Nous autres critiques sommes sans style. Je ne parle pas ici, cela va de soi, du manque de moyens financiers où nous réduit notre état et qui nous fait immanquablement préférer aux foulards de soie et aux chaussures de bonne facture les écharpes en acrylique et les godillots de chez Bata. Je parle de style littéraire, d’art de la phrase. Toutefois, pour revenir sur l’élégance vestimentaire, j’entendais l’autre jour un directeur de théâtre dire ceci : il y a vingt ans, dans le public d’opéra, le journaliste était celui qui ne portait pas de cravate ; il y a dix ans, c’est celui qui portait un jean ; aujourd’hui, c’est celui qui porte un jean troué.

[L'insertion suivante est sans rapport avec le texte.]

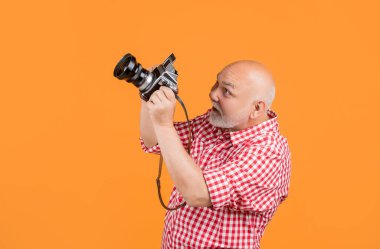 Mutlu gülümseyen yaşlı bir adam sarı bankta eski fotoğraf makinesiyle..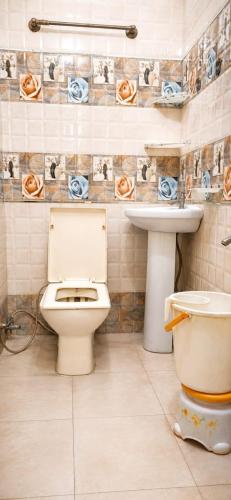 a bathroom with a toilet and a sink at Hotel Atithi Palace in Sahāranpur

Ainsi vont les mœurs et nous autres critiques sommes devenus par force les neveux de Boulez, à défaut de Rameau. Mais revenons au style. Si nous sommes sans style, ce n’est pas que nous manquions d’éducation. Notre rédaction regorge de bacheliers et même de licenciés, certains ayant même été licenciés économiques. Ce n’est pas non plus que nous manquions d’ambition. Incapables d’écrire le moindre sonnet, nous nous sommes convaincus avec le temps que l’articulet recensant un disque de Madame Naouri peut prétendre au rang d’œuvrette d’art, du moins dans son genre. Certains parmi nous pensent même anormal que les Victoires de la Musique ne réservent pas une de leurs statuettes à la meilleure critique de l’année sous le rapport du style. Il est vrai que leurs statuettes sont si hideuses que le vainqueur serait contraint de la laisser se fracasser au sol pour épargner à son salon la défiguration d’une telle présence.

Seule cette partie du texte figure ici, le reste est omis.